[GIVEN RECORDS Boundary: Start]
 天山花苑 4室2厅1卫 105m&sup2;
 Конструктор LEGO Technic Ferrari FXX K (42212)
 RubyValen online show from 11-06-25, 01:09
[GIVEN RECORDS Boundary: End]
[GIVEN RECORDS Boundary: Start]
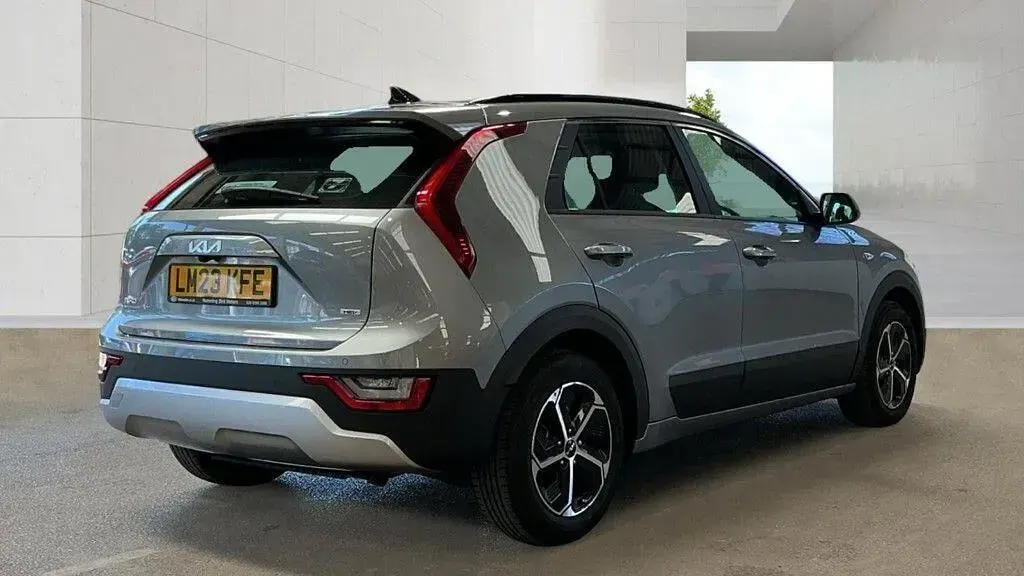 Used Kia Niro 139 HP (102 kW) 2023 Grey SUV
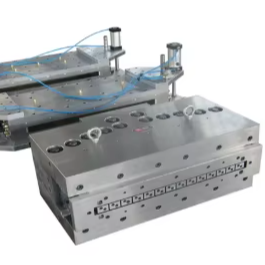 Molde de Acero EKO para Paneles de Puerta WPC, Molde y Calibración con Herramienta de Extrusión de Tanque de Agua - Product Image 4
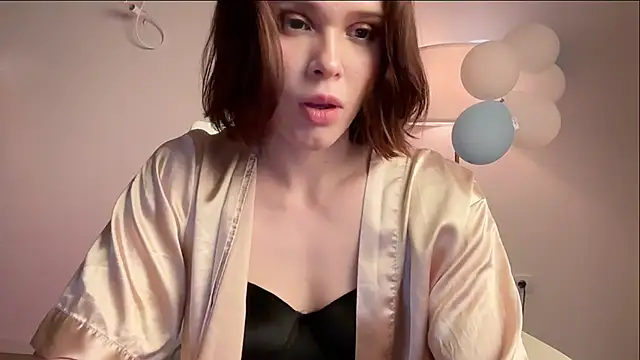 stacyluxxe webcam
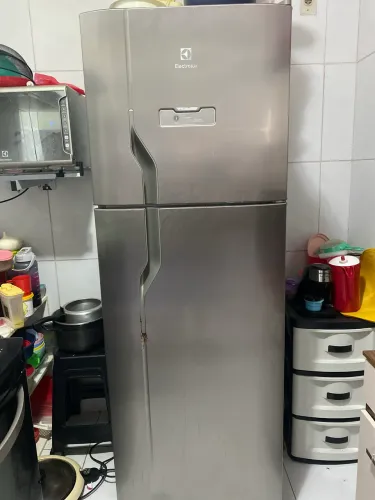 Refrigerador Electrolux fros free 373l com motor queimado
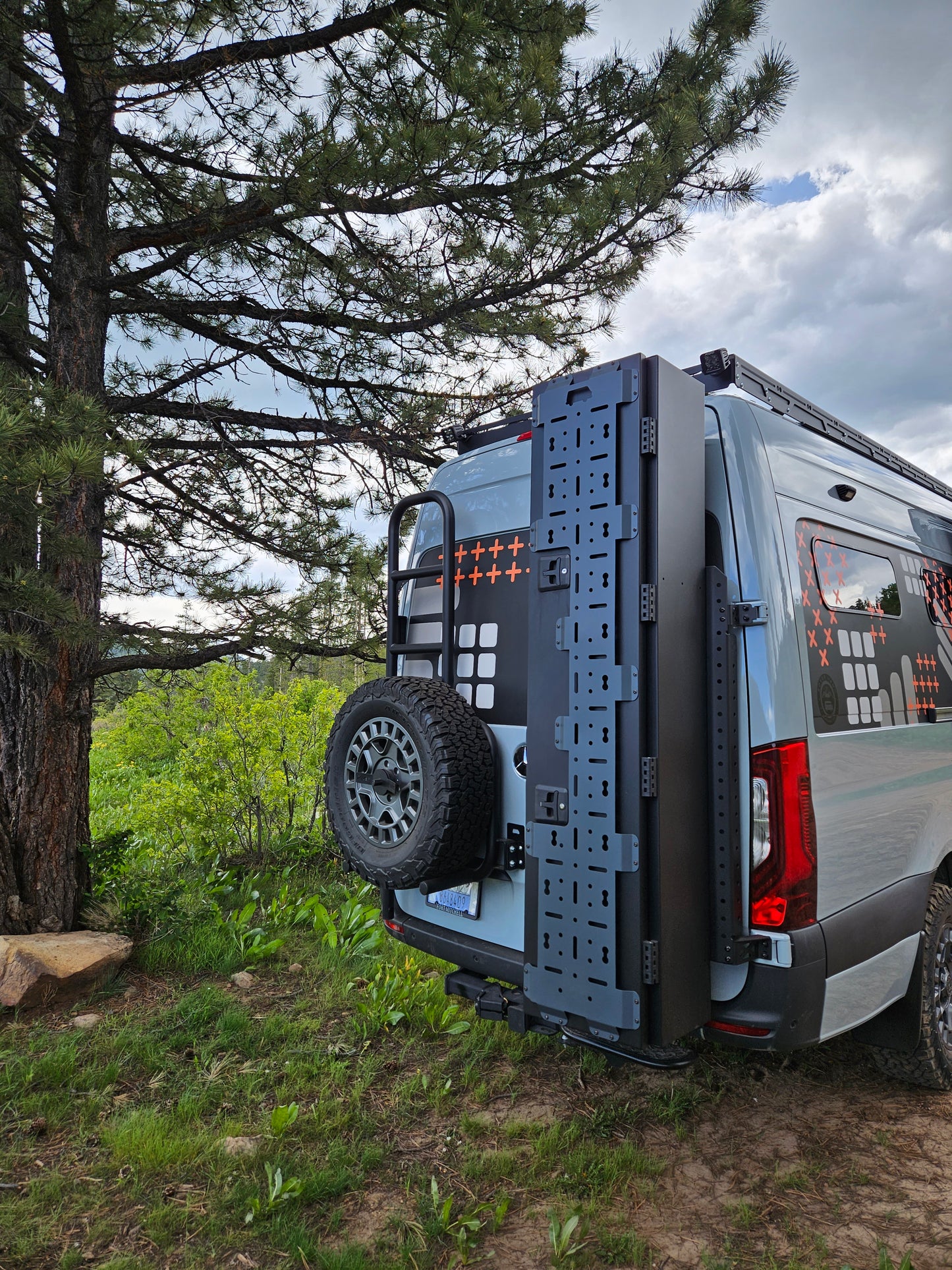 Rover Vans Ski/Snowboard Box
[GIVEN RECORDS Boundary: End]
### BRIEF
In the data above, take the line with "stacyluxxe webcam", the line with "Rover Vans Ski/Snowboard Box", and every line between, and set them down exactly without pictures.

### EXPECTED OUTPUT
 stacyluxxe webcam
 Refrigerador Electrolux fros free 373l com motor queimado
 Rover Vans Ski/Snowboard Box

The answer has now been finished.